Chris Williams: Hello, I’m Chris Williams of the Open University. In this podcast, I’m going to be talking more in depth about some of the issues that are raised in the BBC Radio 4 series, The Things We Forgot to Remember. I’ll be discussing the way the writing of history and the state are related, and look at a concrete example of the struggle between states and between historians over who was to blame for the First World War. With me, today, to discuss this, I have Annika Mombauer, a historian at the Open University, who’s the author of The Origins of the First World War: Controversies and Consensus, and Stefan Berger, a historian at Manchester University, who’s leading a European project researching how nations write their histories.
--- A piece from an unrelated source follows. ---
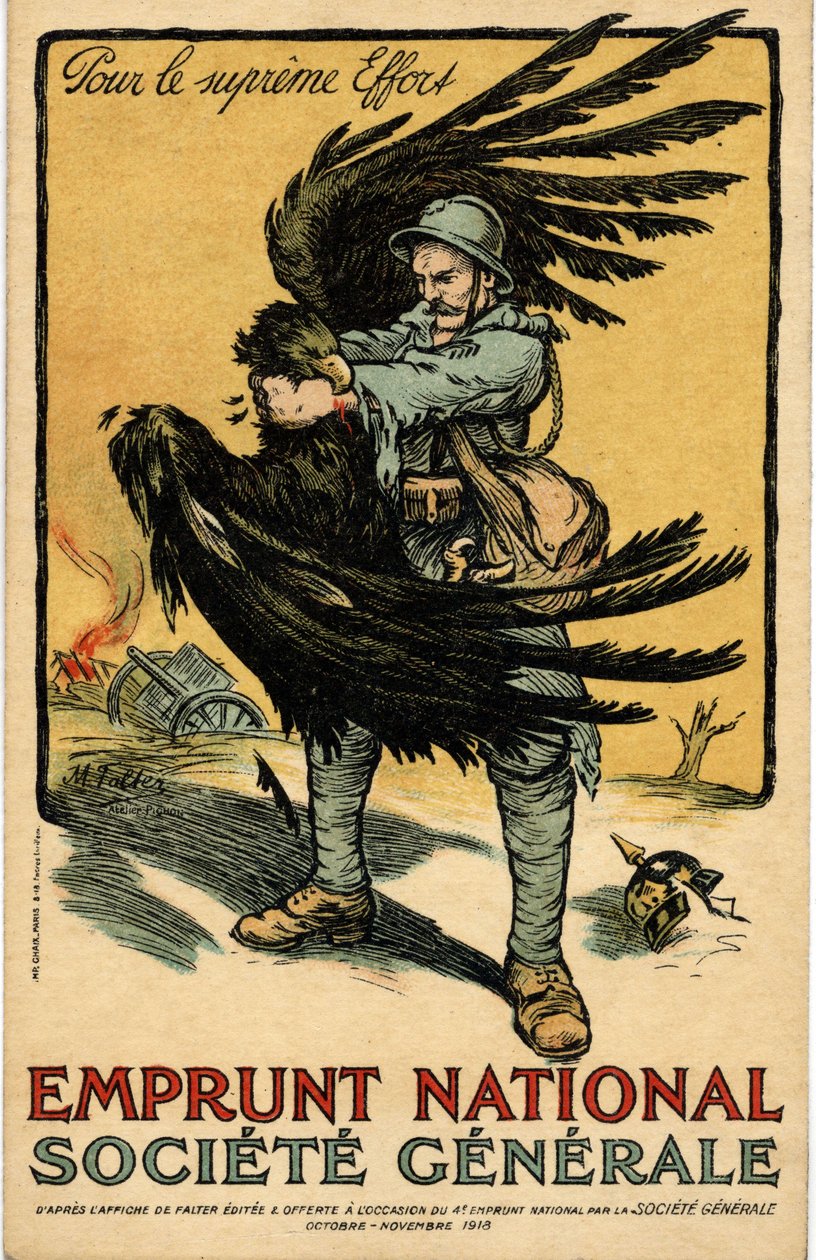 Oorlog 1914-1918. Reclameposter van de Société Générale "Nationale Leningen" (poster) door Marcel Falter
Stefan, can I begin by asking you to set the scene. In 1919, at the end of the First World War, what’s the relationship between historians and the state?

Stefan Berger: Well, for a start, almost every historian in both countries is a nationalist in 1919. They feel a deep commitment to their particular nation-state, and that’s not just the case in the UK and Germany but that’s also the case for other belligerent countries. So, in some respects, in 1919 the German historians are faced with defeat, with a looming Peace Treaty, which all of them see as extremely oppressive, and their task is to write history so as to justify the German war effort, so as to justify also their own personal histories. Because in 1914 a lot of these historians have what is usually called ‘an august experience’ in the sense that they have this surge of patriotic sentiment. And, of course, in Britain, we have pretty much the same enthusiasm about the War, support for the War effort. But, in 1919, of course, it’s a different story because they are on the winning side so they can write a history which is much more triumphalist and which is much more in line with the positive national self deception that many of them would have had in the first place.
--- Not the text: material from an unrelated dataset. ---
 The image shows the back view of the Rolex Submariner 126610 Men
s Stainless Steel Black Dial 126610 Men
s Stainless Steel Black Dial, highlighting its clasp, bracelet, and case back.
Chris Williams: So both sets of historians are identifying very closely with their respective states. What are they arguing about? Annika, what’s the process of escalation that led to the First World War? What are all these historians, both in 1919 and since, arguing over?

Annika Mombauer: Well, what they argue about, essentially, is how the assassination of an Austro-Hungarian Archduke on the 28th June 1914 in Sarajevo could lead within just a few weeks to the outbreak of a European war which ultimately would turn into a World one. And if you look more at the details of what they argue about. They argue over whether the Germans pushed the Austro-Hungarians into escalating this crisis. They argue over whether Russian mobilisation was ultimately to blame for the escalation of the so-called July Crisis. And they argue over whether Britain should perhaps have indicated earlier or more clearly that she would support France if war were to break out. So those are some of the details that historians start arguing about really as early as August 1914.

Chris Williams: Right, so that’s the argument that started with the War, as each side wants to bolster its own credibility and to blame the outbreak of the War on the other side. Each saying the other one acted first, that they were merely pushed into reacting. So it’s about dates isn’t it?

Annika Mombauer: It’s about dates. Certainly, when you look at the Russian mobilisation order, it’s very much about dates. Who actually declares total mobilisation first and is therefore ultimately to blame. So, yes, in a sense it’s about dates.

Chris Williams: So, in 1919, historians start arguing over whose fault it was. And, of course, even before that the governments began to publish diplomatic correspondence in the so-called ‘coloured books’. What form does the argument take?

Annika Mombauer: Well, it’s a very public argument, and one in which the historians have the support of their respective governments. Because it’s important at the time for governments to prove their innocence, to show that they had not started the War. So official documents and official correspondence becomes available for historians to work with very early on in the War. The so-called ‘coloured books’ are published by all the European governments in an effort to show that their policymaking had been intent on peace, whereas that essentially of Germany and for everyone else had been intent on provoking war. Germany, of course, publishes her own book, the White Book, which was edited by Kurt Riezler, who was the German Chancellor’s Private Secretary. And the subtitle of that book is very interesting because it was How Russia and her rulers betrayed Germany’s confidence and thereby made the War. So you can see that this was not perhaps a document collection that intended in any way to be impartial.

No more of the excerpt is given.